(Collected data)
::::

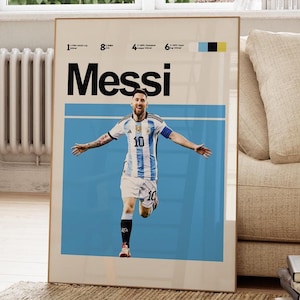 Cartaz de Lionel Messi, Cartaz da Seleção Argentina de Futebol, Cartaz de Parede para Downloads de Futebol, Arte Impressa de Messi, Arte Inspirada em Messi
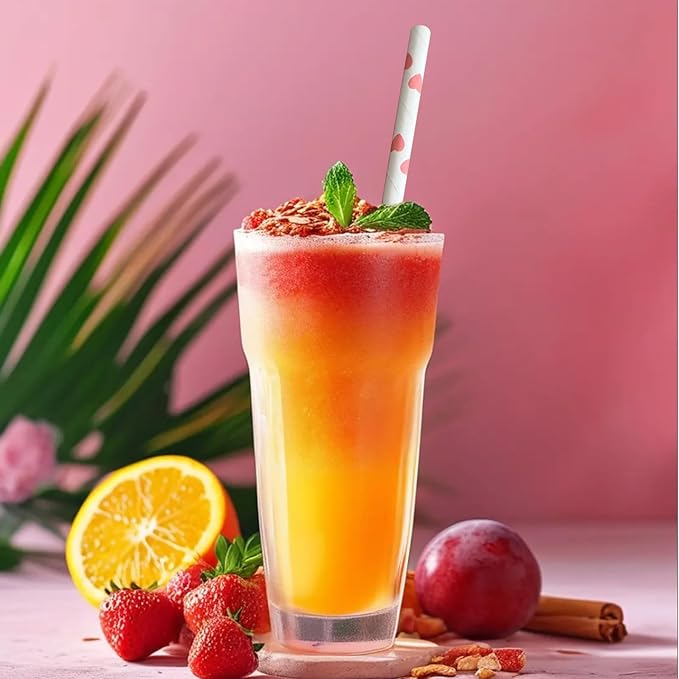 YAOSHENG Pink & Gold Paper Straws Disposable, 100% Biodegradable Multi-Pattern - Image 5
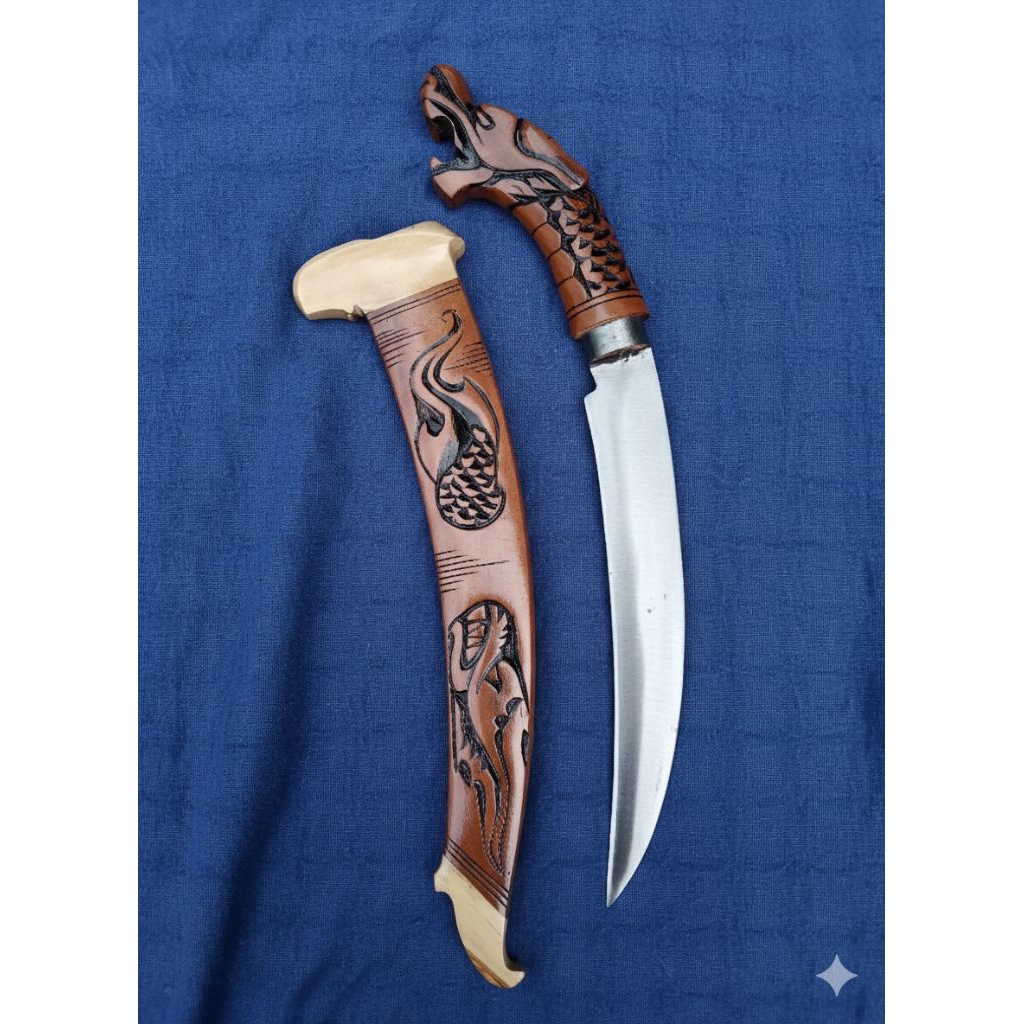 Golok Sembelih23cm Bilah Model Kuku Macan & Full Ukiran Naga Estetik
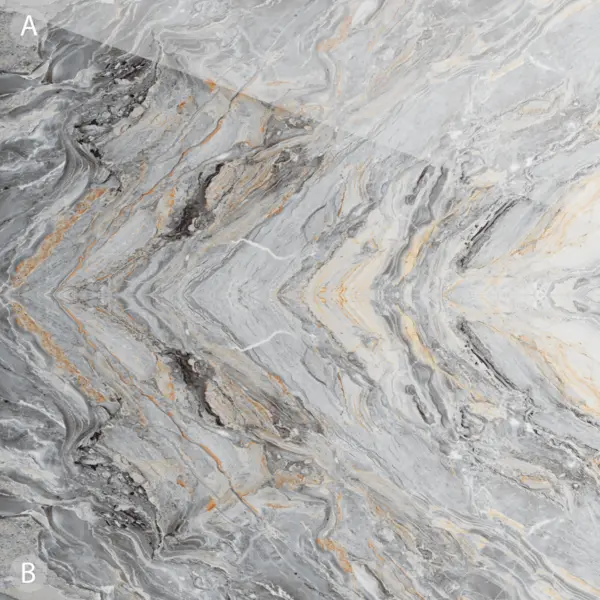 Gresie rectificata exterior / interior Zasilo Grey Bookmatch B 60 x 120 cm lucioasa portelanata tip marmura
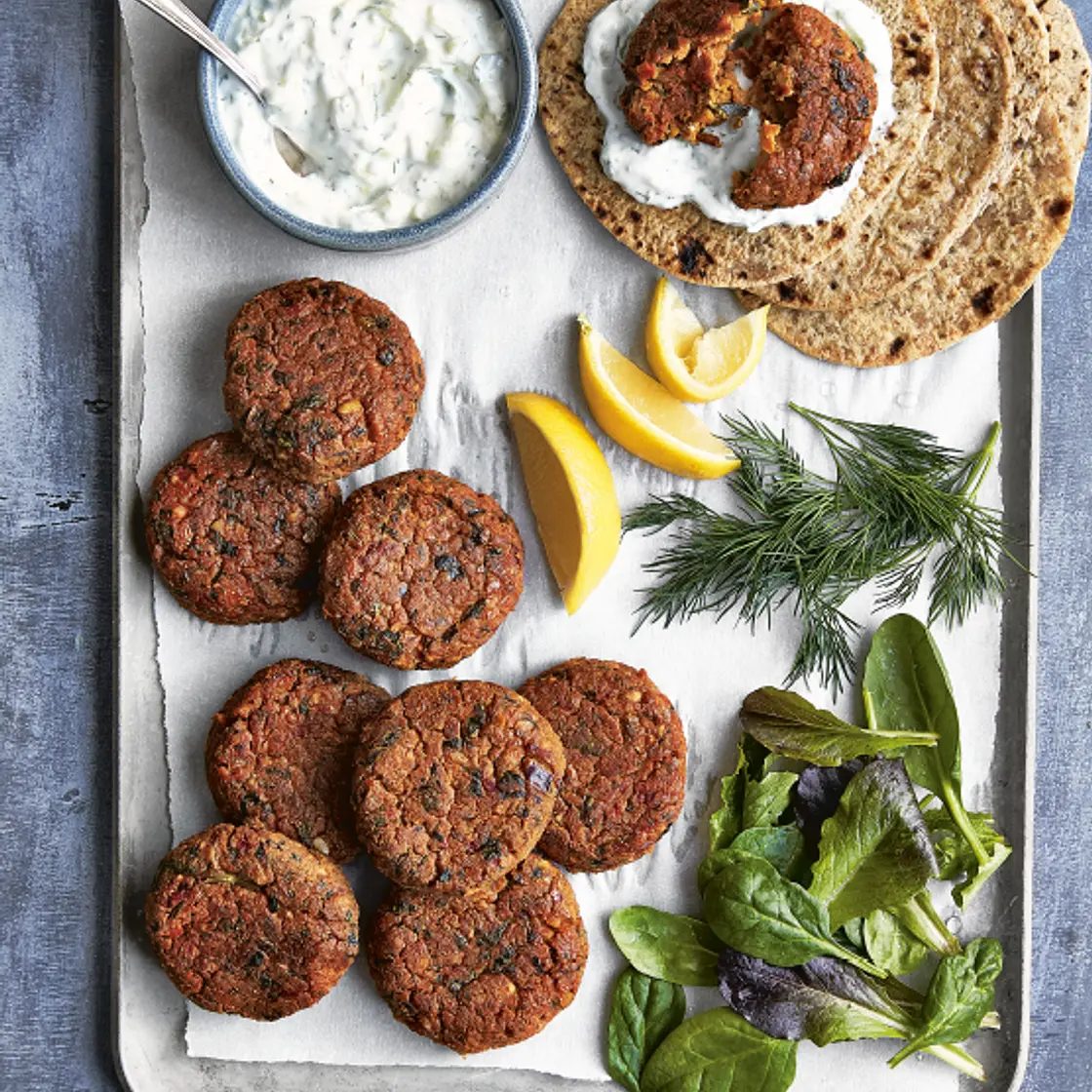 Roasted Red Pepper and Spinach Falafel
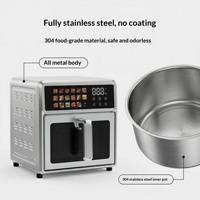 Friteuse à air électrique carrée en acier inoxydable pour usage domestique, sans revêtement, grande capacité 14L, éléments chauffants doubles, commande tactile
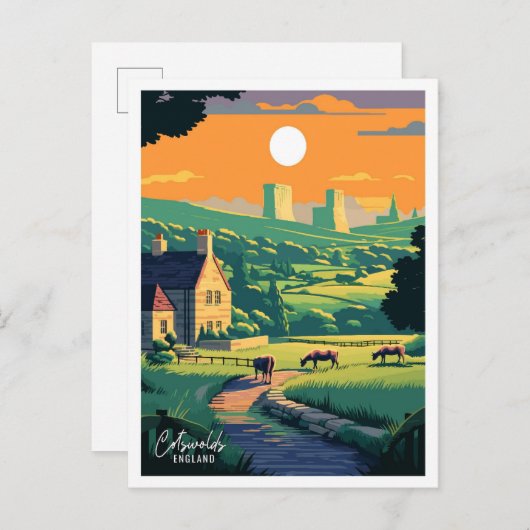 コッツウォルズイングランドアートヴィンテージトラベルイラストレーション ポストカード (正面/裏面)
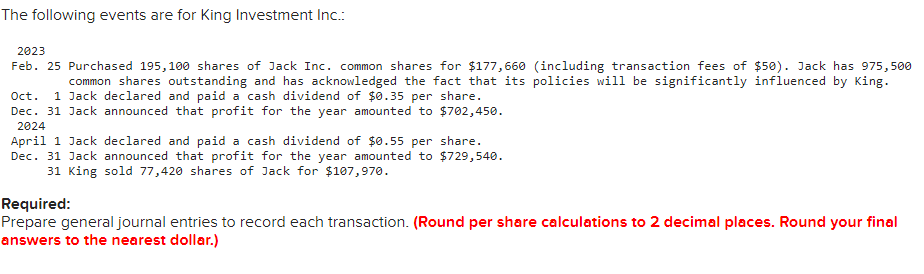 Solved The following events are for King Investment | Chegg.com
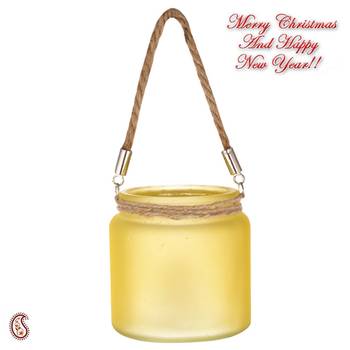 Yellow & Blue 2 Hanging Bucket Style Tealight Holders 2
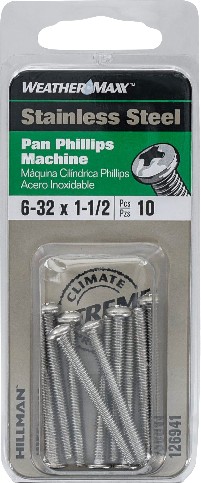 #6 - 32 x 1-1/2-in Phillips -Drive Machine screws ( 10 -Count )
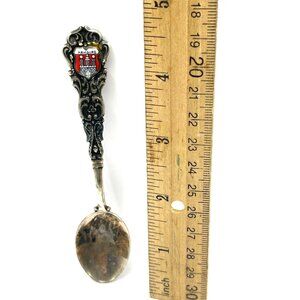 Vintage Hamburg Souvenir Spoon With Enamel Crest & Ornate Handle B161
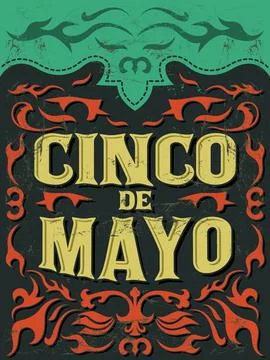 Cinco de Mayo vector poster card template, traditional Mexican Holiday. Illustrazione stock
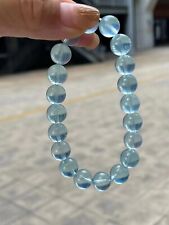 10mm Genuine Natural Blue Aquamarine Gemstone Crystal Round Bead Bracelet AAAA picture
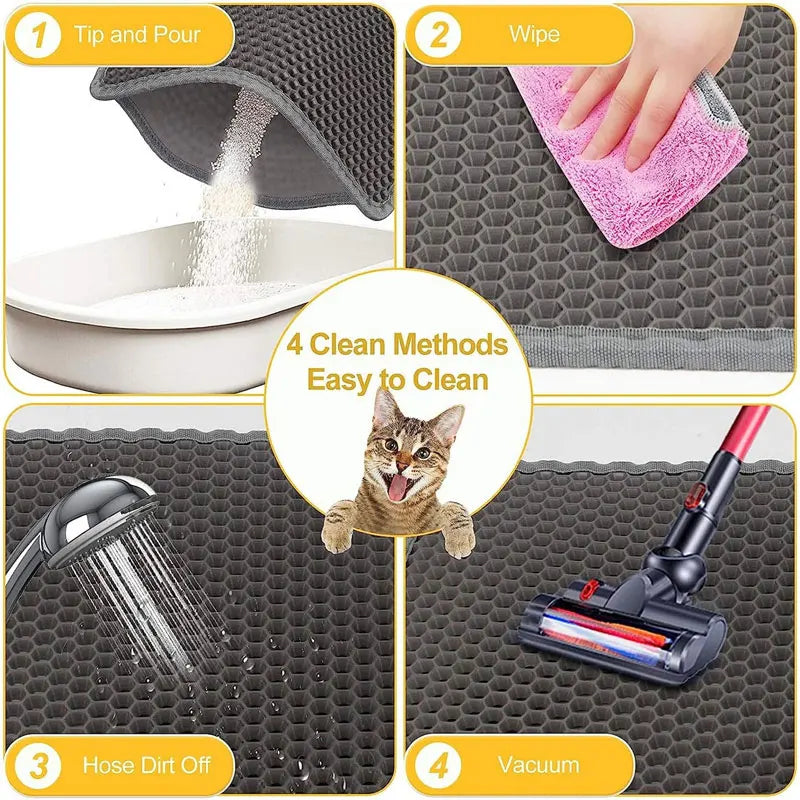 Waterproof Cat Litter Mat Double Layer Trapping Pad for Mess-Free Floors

::::

# Assignment
For this exercise, set down the lines in the entries above from the one with "コッツウォルズイングランドアートヴィンテージトラベルイラストレーション ポストカード (正面/裏面)" through the one with "Vintage Hamburg Souvenir" exactly as written, without any pictures.

# The answer
 コッツウォルズイングランドアートヴィンテージトラベルイラストレーション ポストカード (正面/裏面)
 Solved The following events are for King Investment | Chegg.com
 Yellow & Blue 2 Hanging Bucket Style Tealight Holders 2
 #6 - 32 x 1-1/2-in Phillips -Drive Machine screws ( 10 -Count )
 Vintage Hamburg Souvenir Spoon With Enamel Crest & Ornate Handle B161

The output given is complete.